Rajindraparsad Seechurn
- Born: 3 June 1970 (age 56) Mauritius

Domestic
- Years: League / Role
- 1996 -: Mauritius / Referee
- 2010 -: Africa Cup of Nations / Referee

= Rajindraparsad Seechurn =

Association football referee from Mauritius

Rajindraparsad Seechurn (born 3 June 1970) is a Mauritian football referee. He started his career in 1996 and reached the first grade for referees in 2001. He is an international referee and has taken charge of matches for the African Federation since 2004. He refereed at the 2010, 2012, 2013 and 2015 Africa Cup of Nations.

==African Cup of Nations incident==
In January 2015, while refereeing the quarter-final match at the Africa Cup of Nations, between host nation Equatorial Guinea and Tunisia, he awarded a penalty to the host nation in injury time, which Javier Balboa converted to cancel out Ahmed Akaïchi's 70th-minute goal.

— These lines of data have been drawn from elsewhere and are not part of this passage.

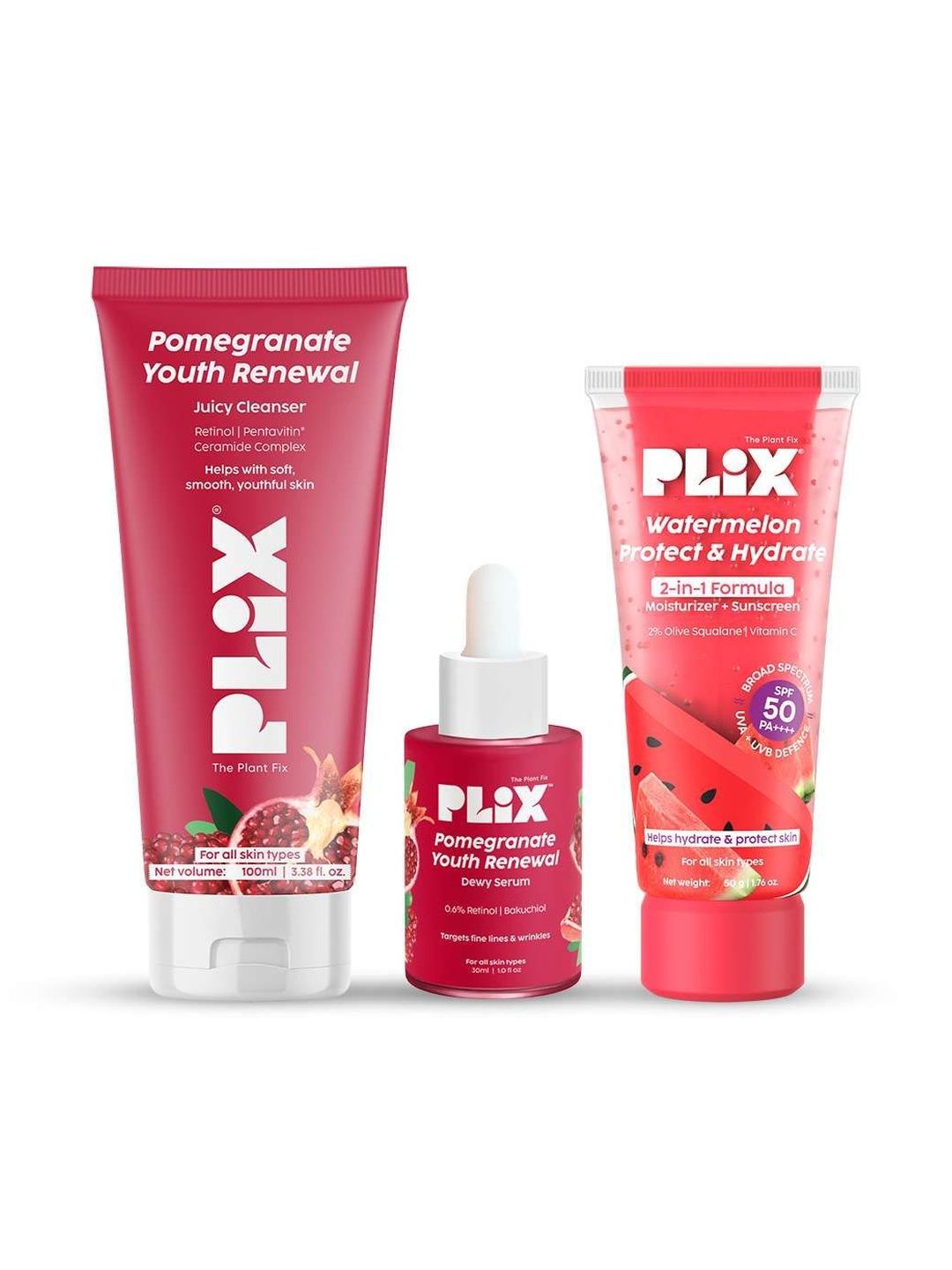 PLIX THE PLANT FIX Set Of 3 Juicy Cleanser- 100 ml- Dewy Serum- 30 ml & Sunscreen-50 g-image-8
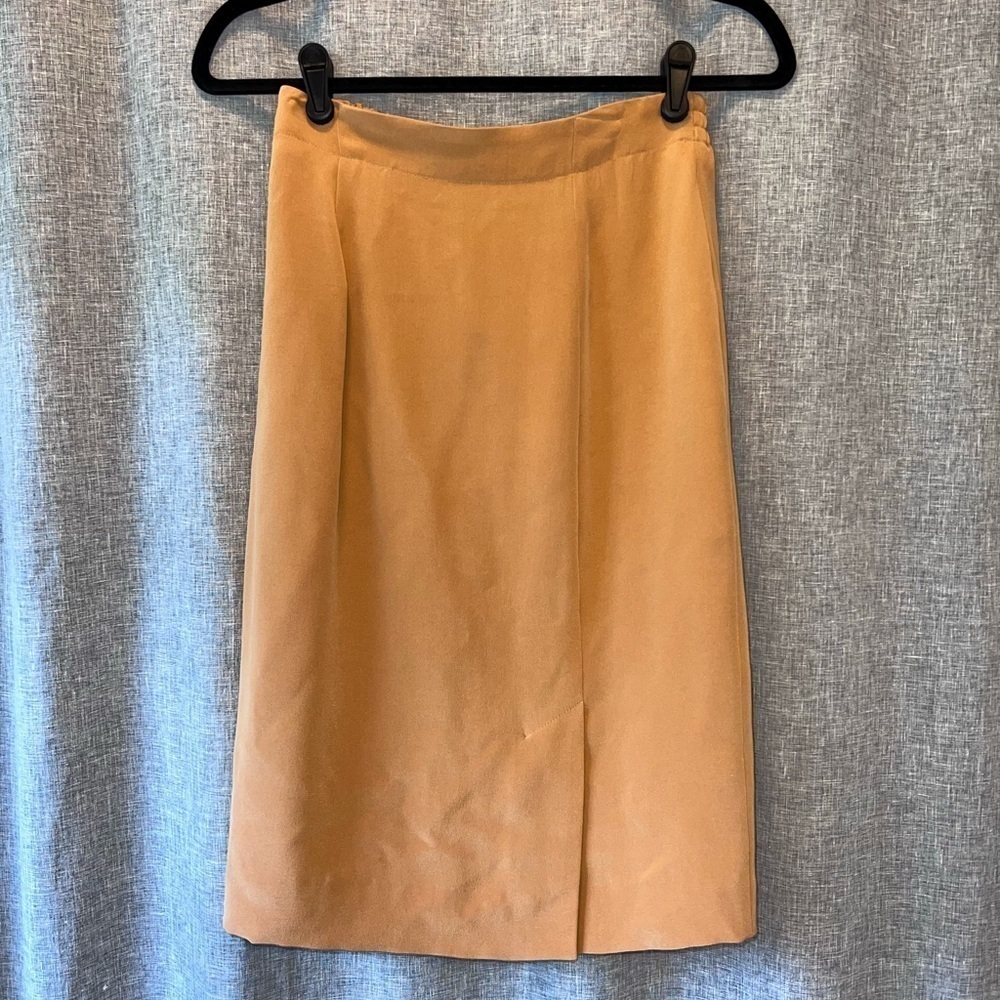 Evan-Picone Camel Brown Midi Skirt | Size 14 | Classic Workwear Career Skirt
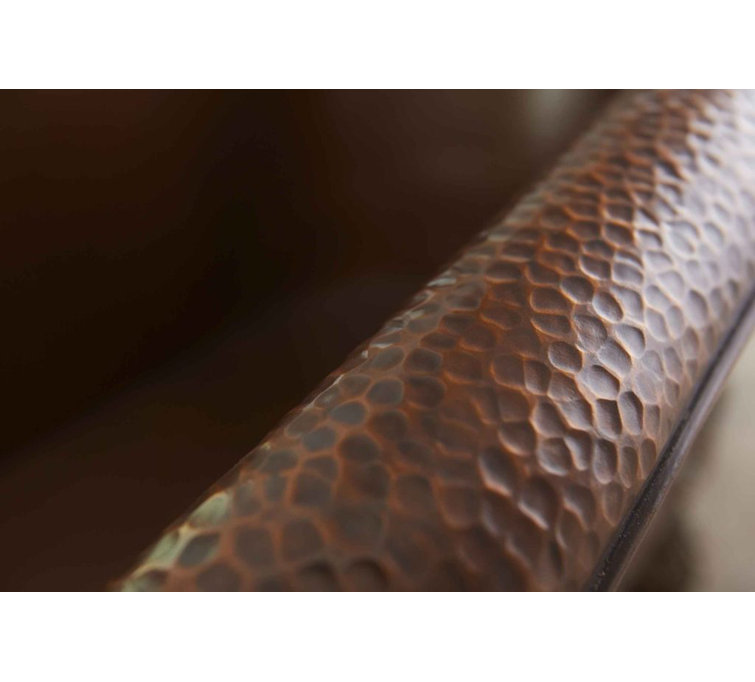 Euclid 71.5" Antique Copper Freestanding Double Slipper Bathtub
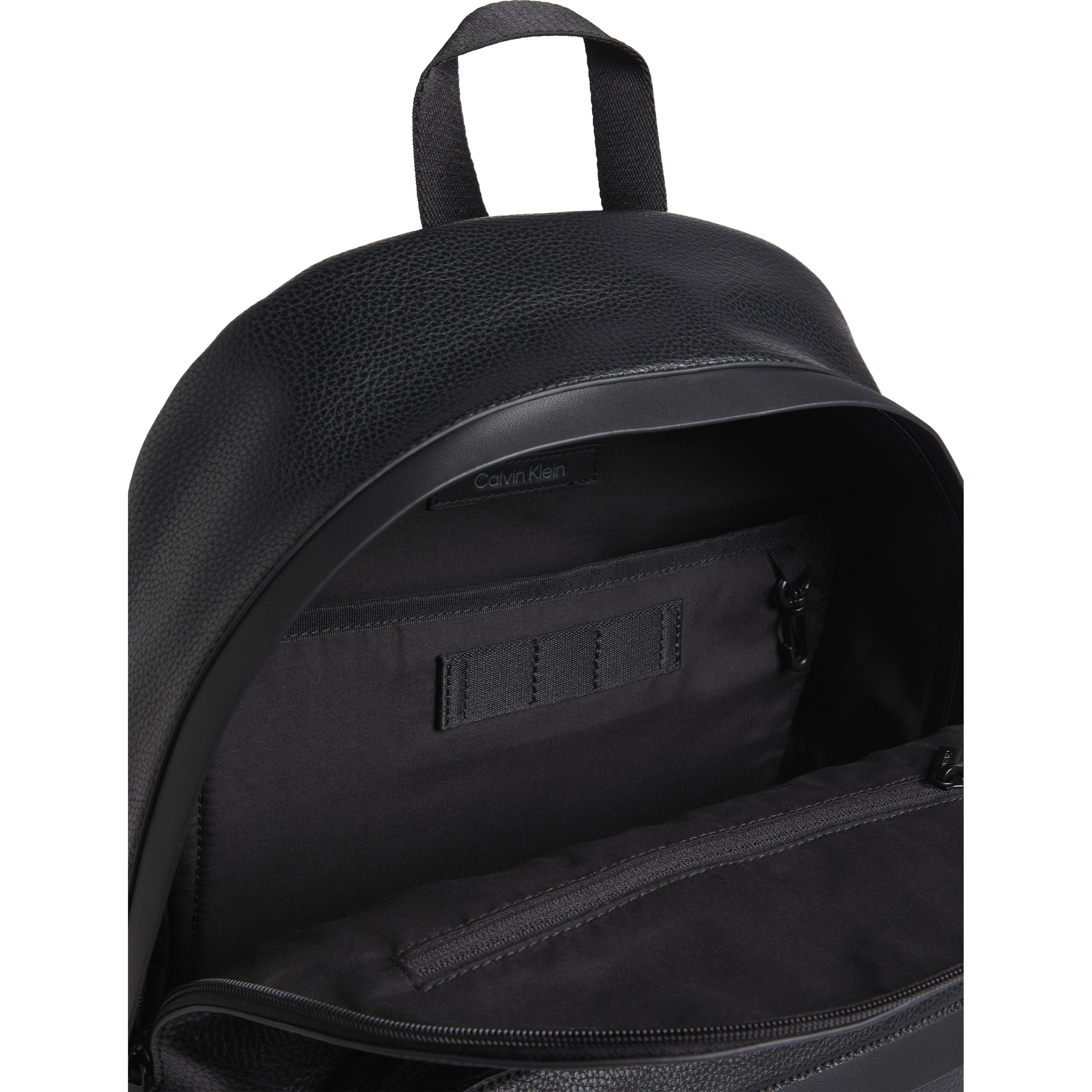 CALVIN KLEIN Kuprinė vyrams, Juoda, Must round backpack 3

Balboa then scored a free-kick in the 102nd minute for an unlikely host nation win.

As the hosts celebrated, fights started between the rival players and Seechurn was attacked by furious Tunisian players as he was sped from the field by security officials.

In February 2015, he was banned for six months for his "poor performance" at the tournament. CAF added that the referee's failings included an "unacceptable failure to maintain calm and ensure proper control of the players during the match". Tunisian federation was fined $50,000 (£33,000) and CAF seek an apology from Tunisia for accusations of bias.